TRY IT:
Beginning at the line with "Before and after", please repeat each line exactly through the end of the records below, including that first line and the last, but no pictures.

Stored dataset items

*** Begin section ***

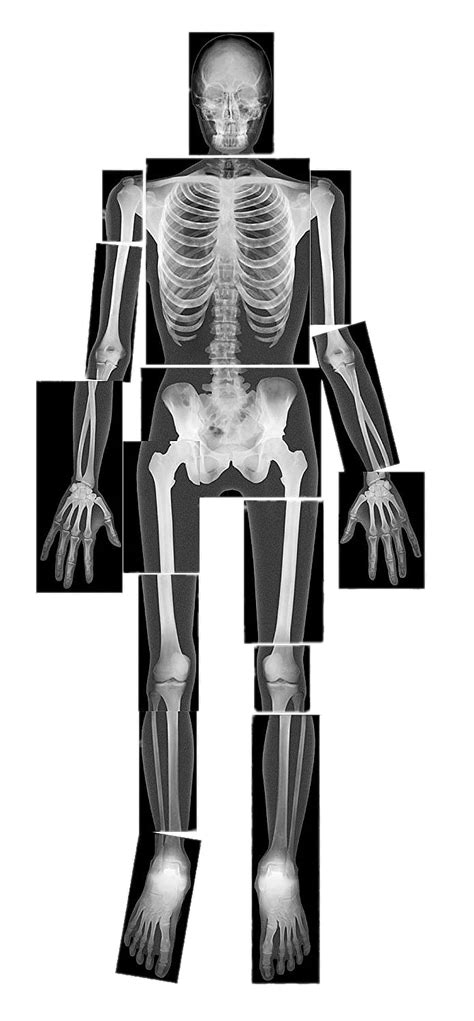 X Ray Of Body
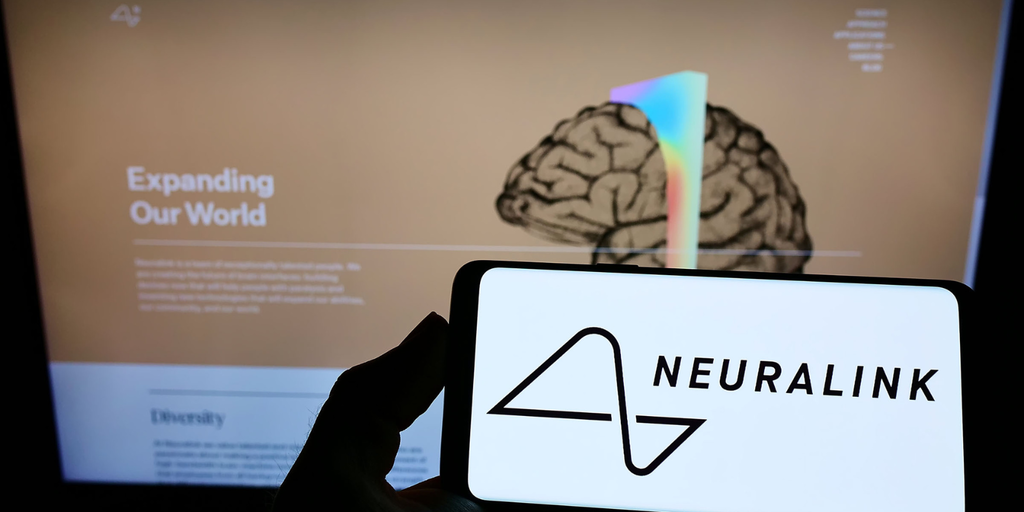 Elon Musk-Backed Brain Hacking Firm Neuralink Raises $280 Million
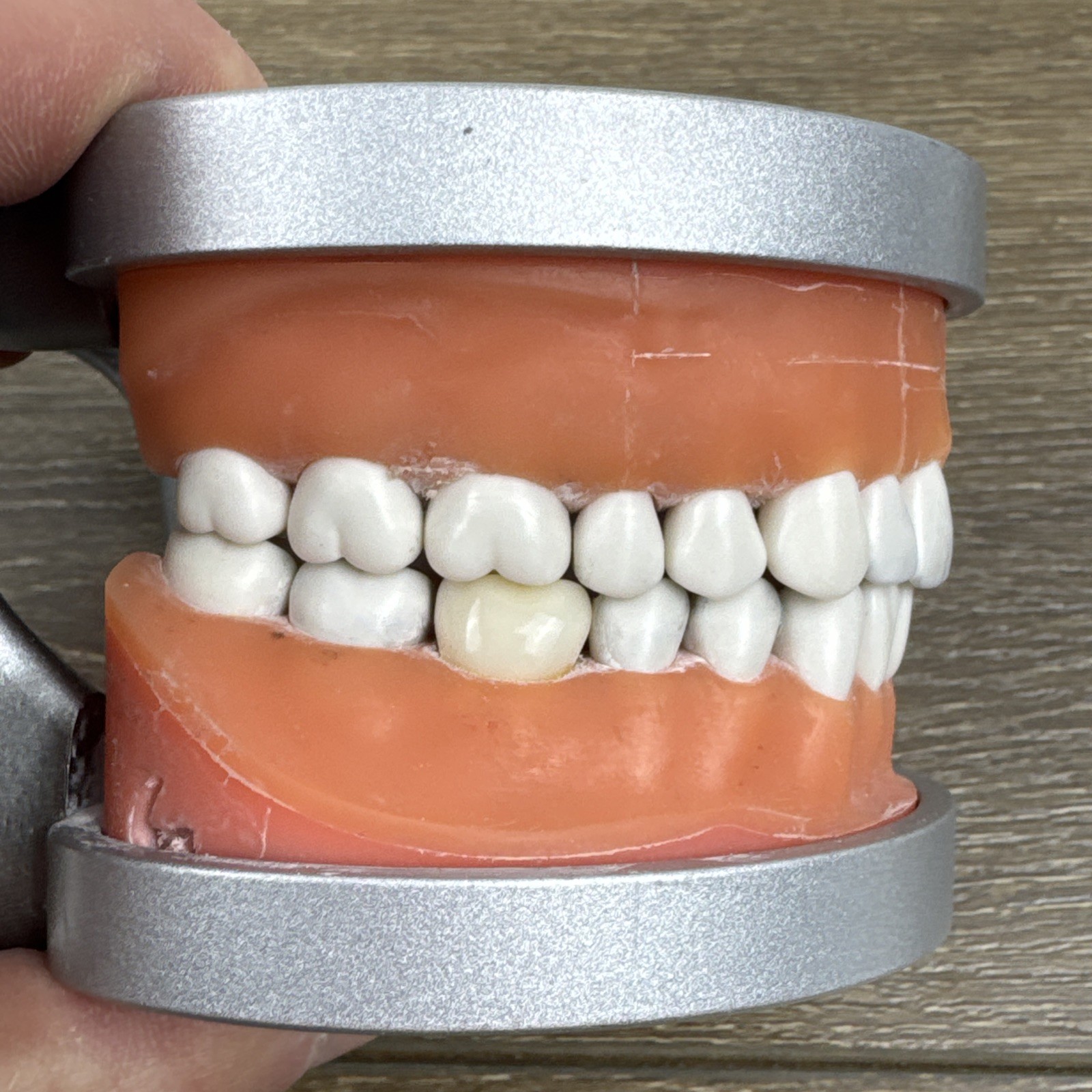 Acadental ModuPRO MP_R320 Restoration Typodont & Case WREB CDCA ADEX Teeth #54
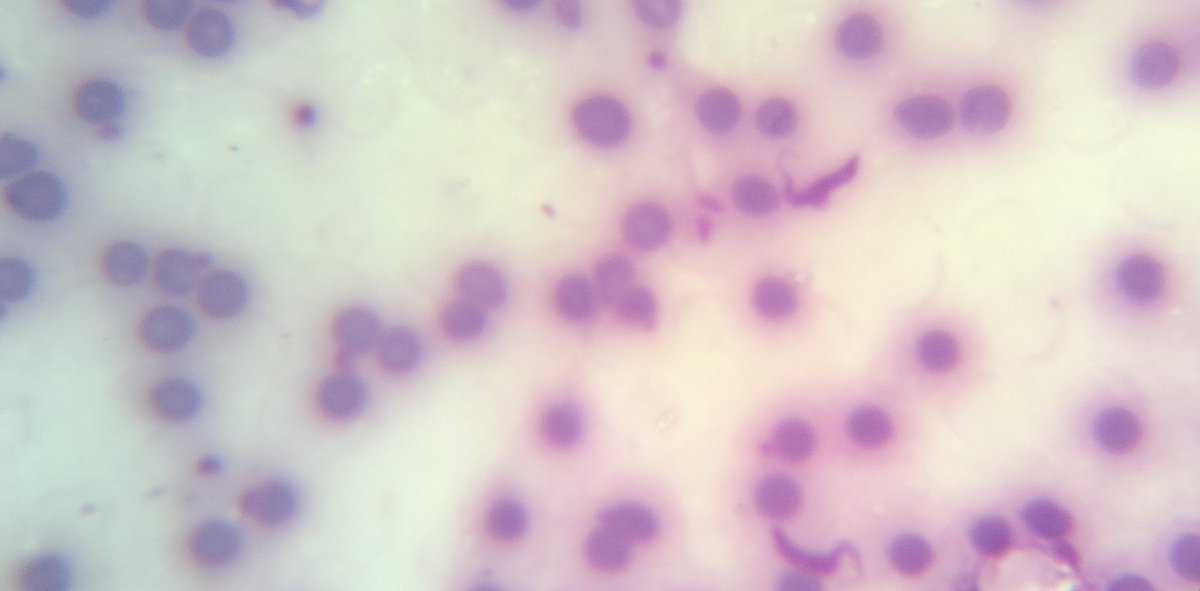 SaludISCIII's tweet photo. Un estudio del Centro Nacional de Medicina Tropical #ISCIII recomienda una mayor implicación de los profesionales sanitarios de atención primaria en el manejo de la enfermedad de #Chagas. Se publica en @PLOSNTDs.
 
📰 Lo puedes leer en #NoticiasISCIII  👉 https://t.co/TnSWmxdxJP https://t.co/KDY6MyW8z7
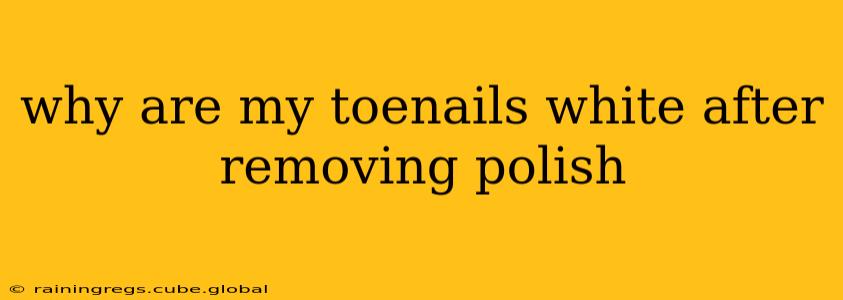 why are my toenails white after removing polish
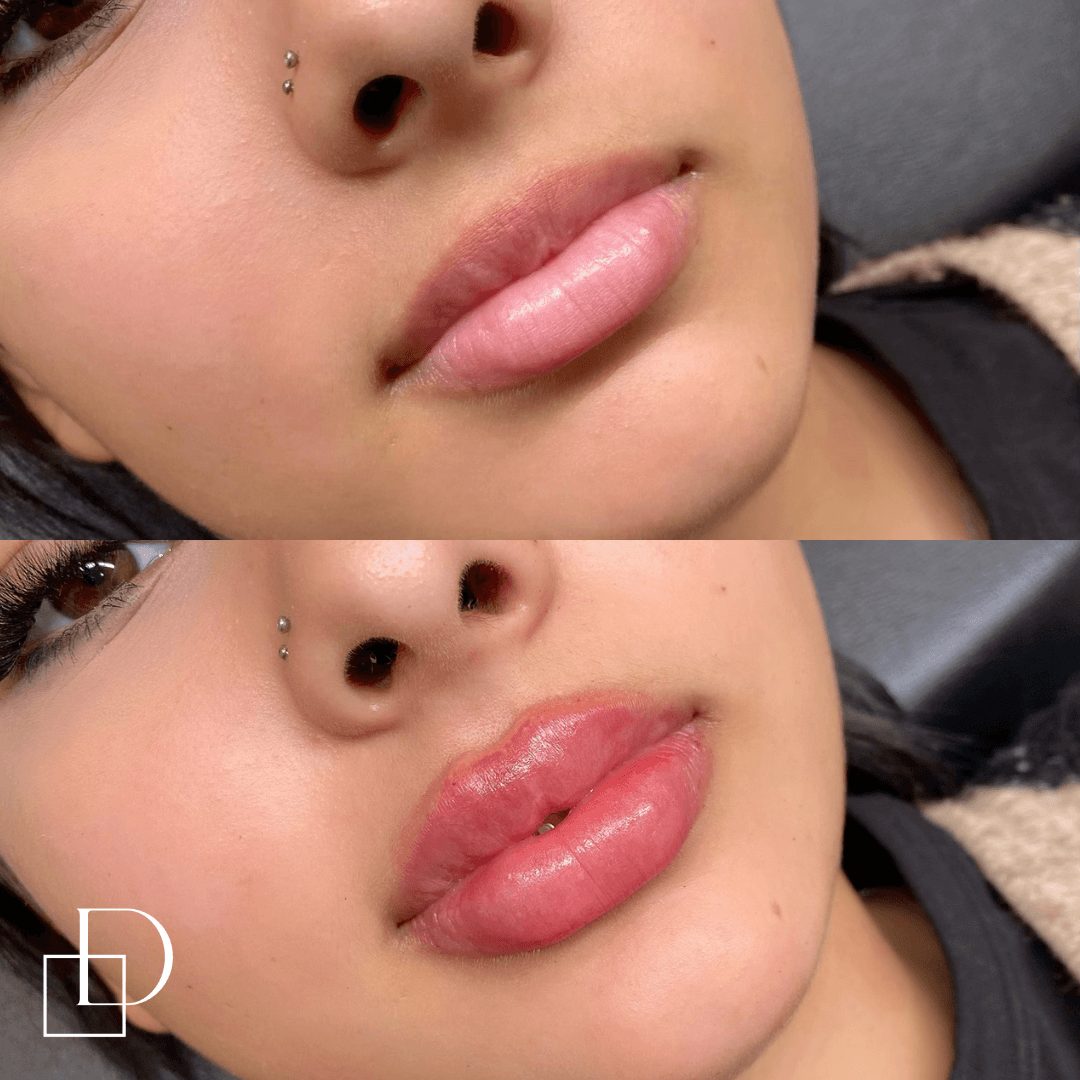 Before and after lip filler injections at Define Clinic Brisbane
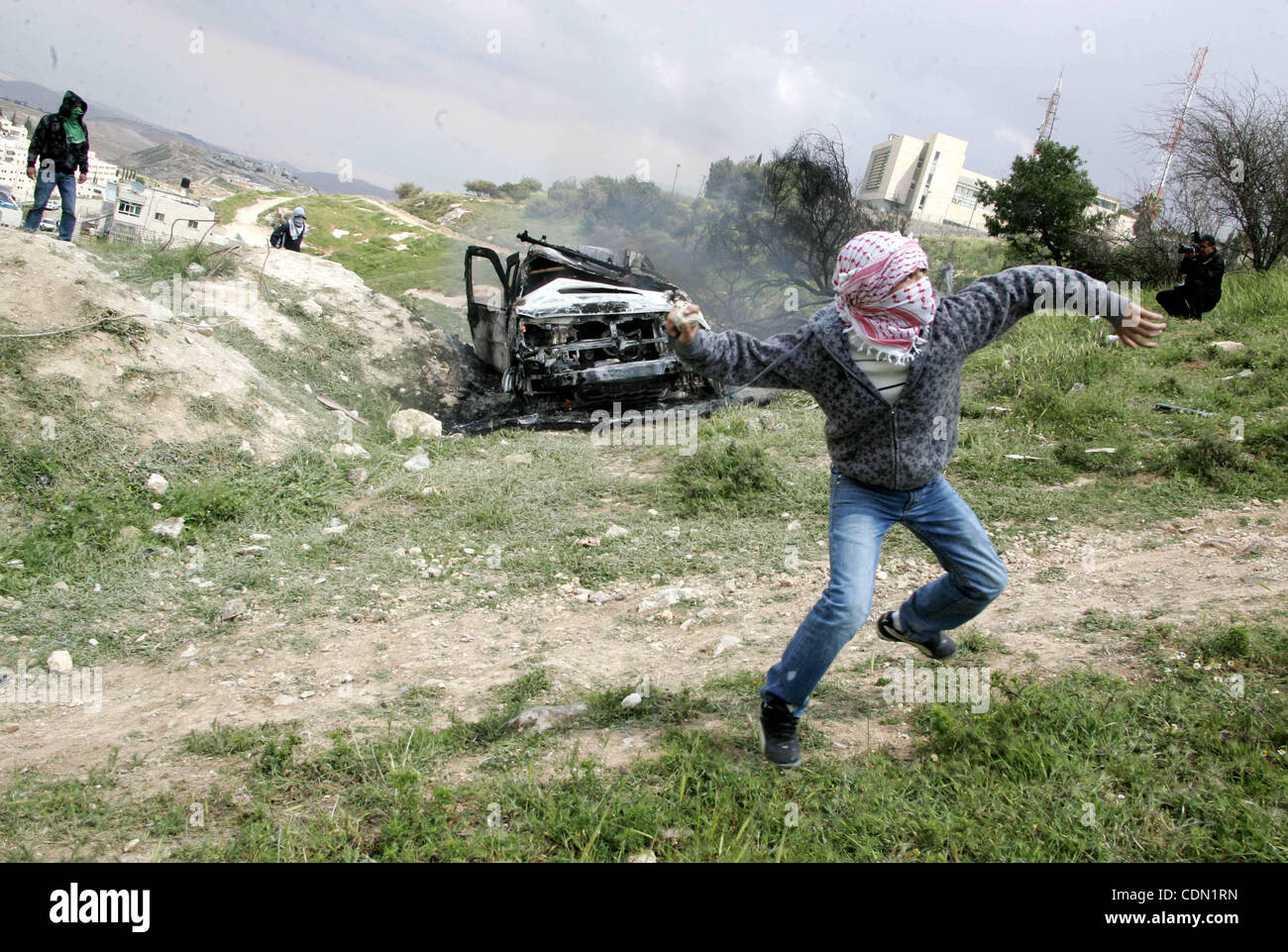 Burnt injuries hi-res stock photography and images - Alamy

*** End section ***

RESULT OF THIS TASK:
 Before and after lip filler injections at Define Clinic Brisbane
 Burnt injuries hi-res stock photography and images - Alamy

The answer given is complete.